5年に1度の年金制度改革をめぐり、政府は16日、年金関連法案を閣議決定した。今夏の参院選を見据えた自民党内の慎重論を受け、法案手続きは想定よりも約2カ月遅れとなった。法案には、厚生年金加入で保険料の支払いが生じる年収「106万円の壁」の撤廃などを盛り込む一方、柱としていた基礎年金(国民年金)の底上げ策は除外した。
【写真】「あんこのないあんパン」 年金関連法案、与野党の修正が今後の焦点
将来の低年金対策の一つとして、厚生労働省は当初、基礎年金(国民年金)の底上げ策を法案に入れていた。ただ、選挙を控えた参院自民を中心に、法案提出に反対する意見が続出。党内の議論は足踏みし、3月中旬を目指していた法案提出は大幅に遅れた。

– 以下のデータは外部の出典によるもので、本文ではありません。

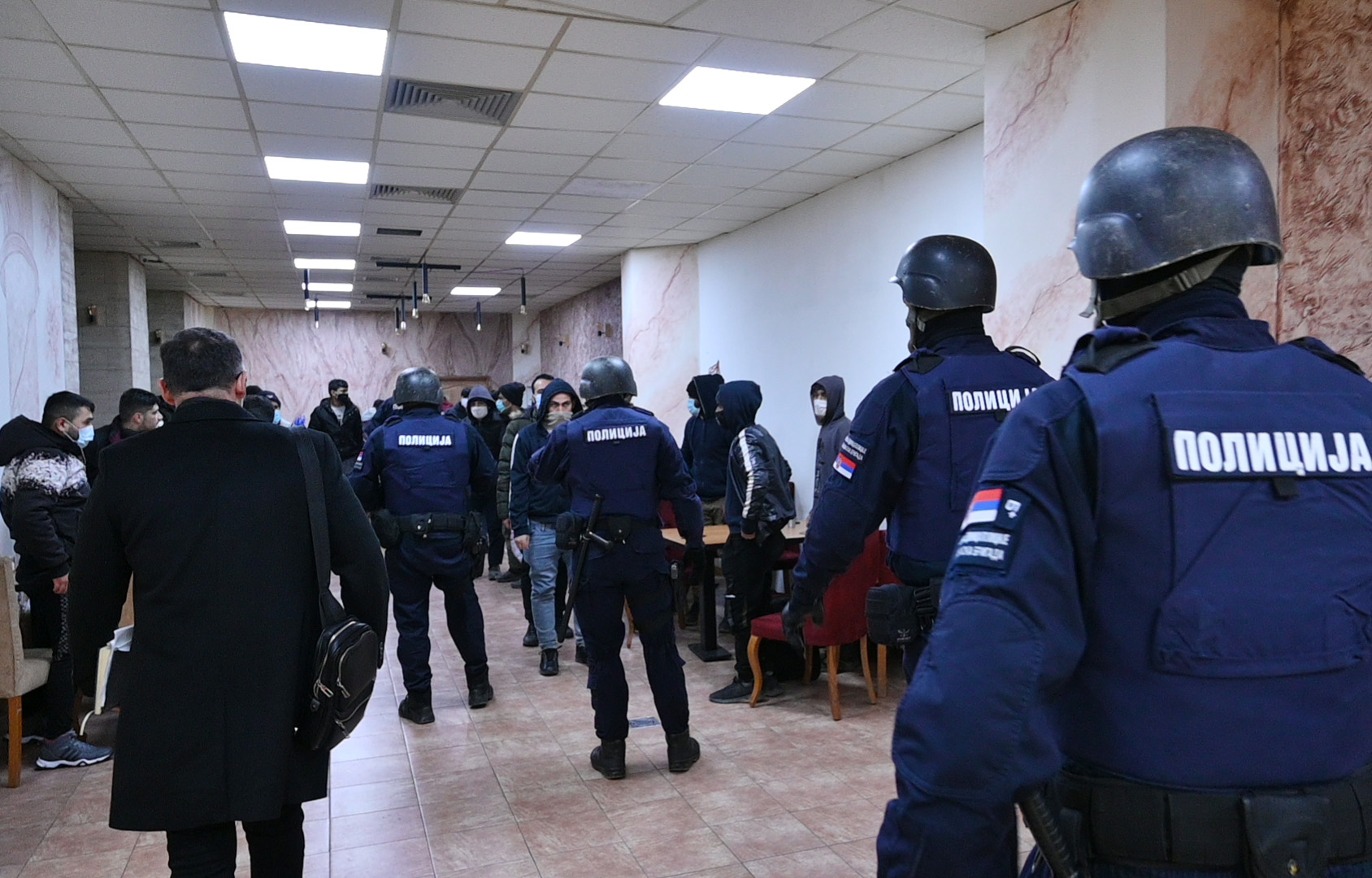 Beograd, 12.02.2021. Migranti, iregularni migranti, policija, privođenje, privodjenje, hapšenje, sprovođenje, sprovodjenje migranata u prihvatne centre Foto: MUP Srbije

厚労省は4月、基礎年金の底上げ策を法案から削除。これを受けて党内では法案手続きを進め、閣議決定にこぎ着けた。
このほか法案には、働く高齢者の厚生年金をカットする「在職老齢年金」制度の見直し▽子のいない現役世代が受け取る遺族厚生年金の給付の有期化▽高所得者の厚生年金保険料の上限引き上げ――などが盛り込まれた。